Difficile à dire. Depuis mon arrivée, je constate une progression du groupe et du niveau de jeu. L’équipe est jeune, dynamique, mais pour nous canaliser, le retour de joueuses d’expérience comme Lauraine Tony fait du bien. La saison dernière, nous étions déficientes au rebond et dans le money-time, aujourd’hui nous ne reproduisons plus les mêmes erreurs, le classement en atteste.  

Personnellement, comment juges-tu ta progression ?

Mon rôle évolue dans l’équipe. Quand on reste plusieurs saisons dans un club, on gagne la confiance du coach et l’on progresse.

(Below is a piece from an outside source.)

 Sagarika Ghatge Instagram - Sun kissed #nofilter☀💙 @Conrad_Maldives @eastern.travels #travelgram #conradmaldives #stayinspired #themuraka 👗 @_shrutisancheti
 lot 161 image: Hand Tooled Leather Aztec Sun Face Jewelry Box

Cette année, mes responsabilités sont plus importantes, j’ai plus de temps de jeu, je suis au cœur des combinaisons et c’est gratifiant pour une jeune joueuse comme moi.

« Il y a une grande famille basket à Rennes »

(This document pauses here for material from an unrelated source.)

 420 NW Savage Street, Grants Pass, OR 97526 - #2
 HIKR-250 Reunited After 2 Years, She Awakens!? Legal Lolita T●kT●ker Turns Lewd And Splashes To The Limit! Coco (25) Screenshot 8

Dans le sport féminin, l’écart de niveau se ressent d’une division à l’autre. Pensez-vous êtes armées pour l’échelon supérieur ?

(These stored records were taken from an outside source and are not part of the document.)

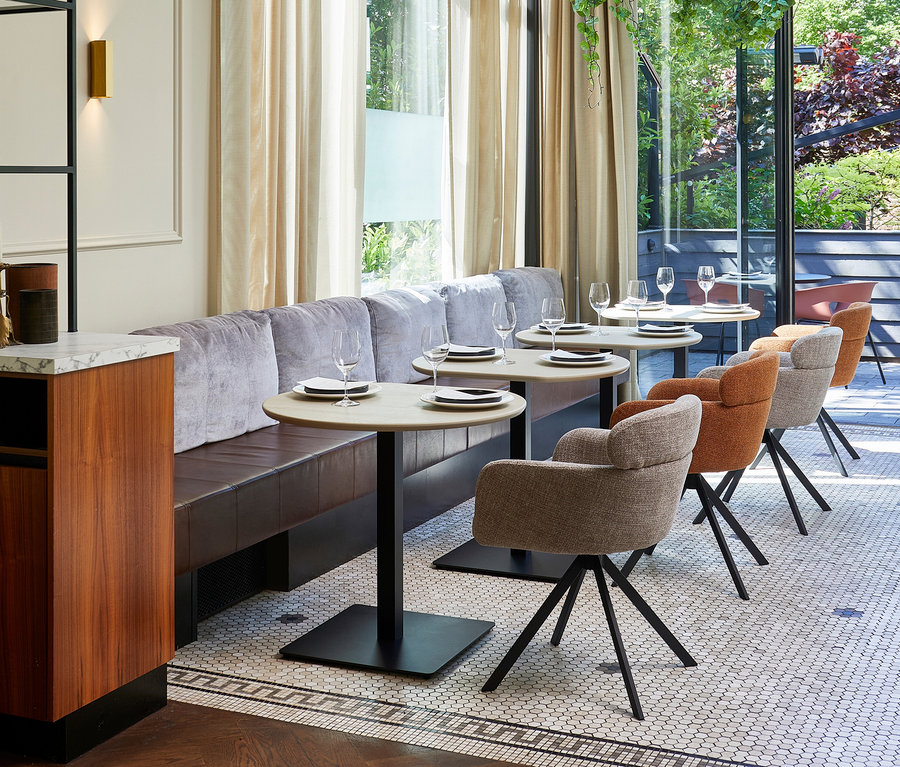 Café-Interieur mit Sitzgelegenheiten, Bank und Woood Stühlen »Fenne«, 2er-Set, ginger.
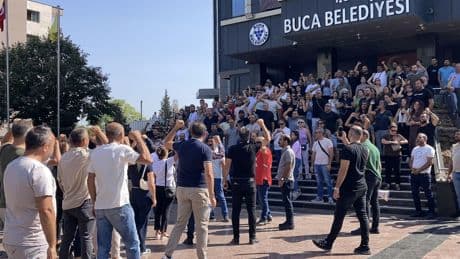 Buca Belediyesi işçilerine DİSK’ten dayanışma ziyareti: “Zafer direnen emekçinin olacak”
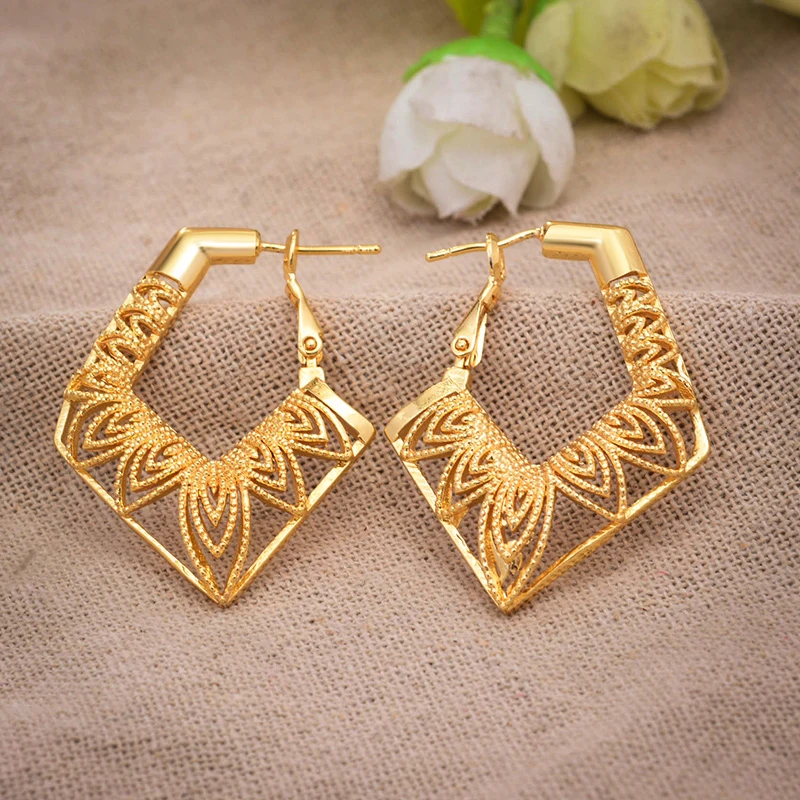 

Annayoyo Ethiopian 1Pcs Hollow Flower Dubai Gold Color Earring for Women Girl African Wedding Jewelry Arab Middle East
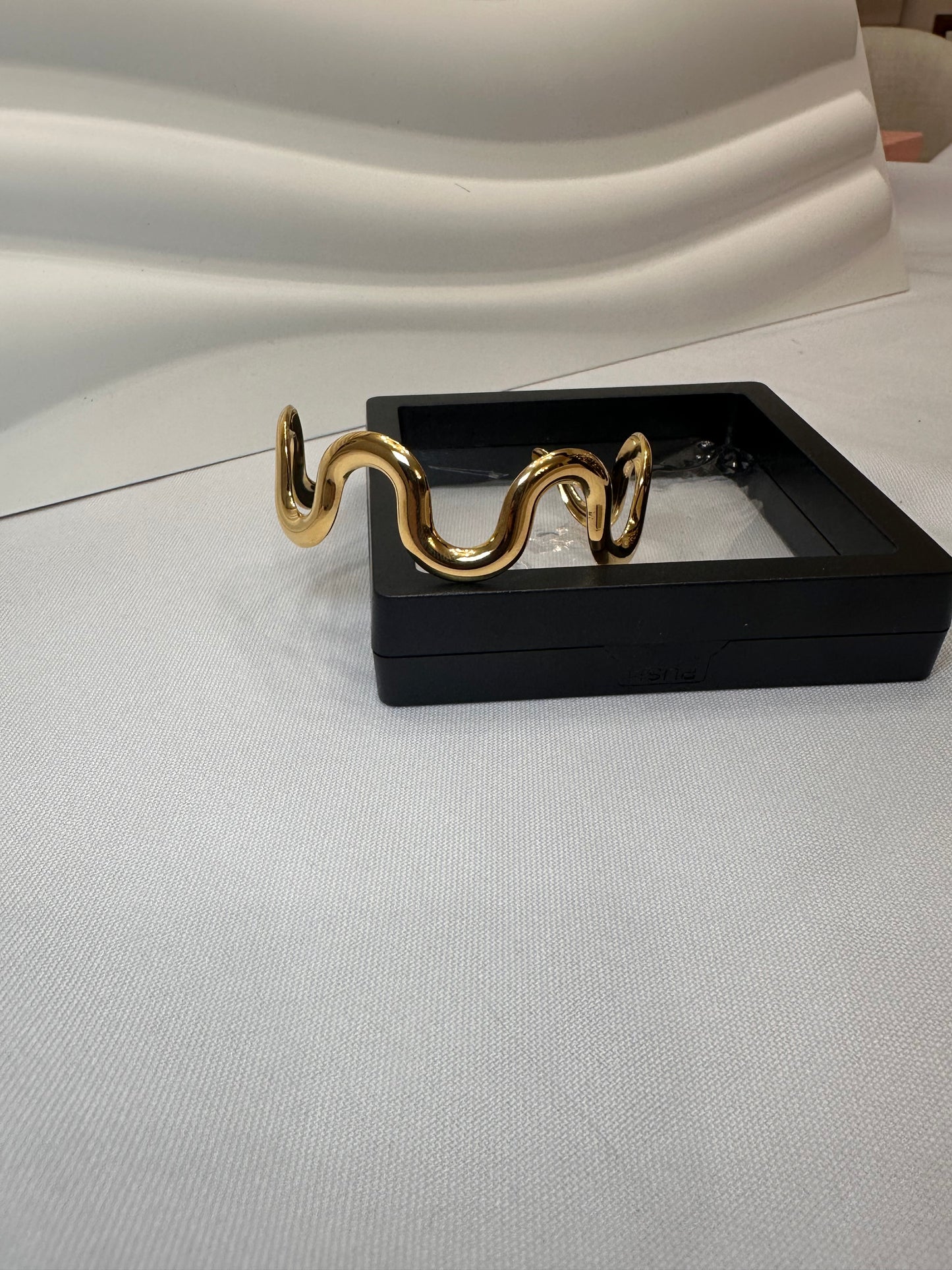 Curvy Bracelet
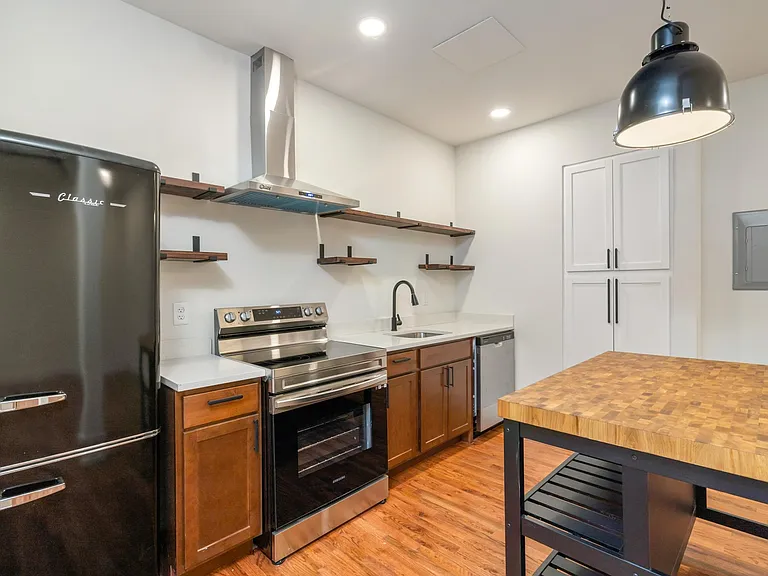 826 N Broadway St #301 — Photo 8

Effectivement, on le voit avec le REC Volley, monter d’une division n’est jamais simple. Entre les déplacements plus long, le financement de la saison, il y a beaucoup de paramètres qui rentrent en compte. De toute façon, si l’on monte à l’issue des play-offs qu’il faudra gagner, ne l’oublions pas, il y aura ce statut d’outsider qui peut nous enlever un peu de pression. Attention, nous n’en sommes pas encore là, pour l’instant nous prenons match après match avec l’objectif d’aller chercher le titre. Tout le monde a envie de bien faire.

En parallèle des terrains, tu mènes tes études. Peux-tu nous parler de ton double projet ?

Je suis à l’INSA, l’école d’ingénieurs de Rennes. J’aime beaucoup ma formation, les cours sont intéressants et la direction fait tout pour aménager mon emploi du temps avec le basket. Il me reste deux ans d’études, sans oublier les parquets bien sûr.

L’URB cartonne également cette saison et truste le haut de tableau. Entretenez-vous des liens avec eux ?

L’URB est dans une superbe forme et fait la course en tête dans son championnat, comme nous. On se voit toute la semaine à l’entraînement du fait de notre salle commune. On parle beaucoup avec eux que ce soit du basket, ou de la vie en générale. Ils nous soutiennent, c’est une grande famille basket à Rennes.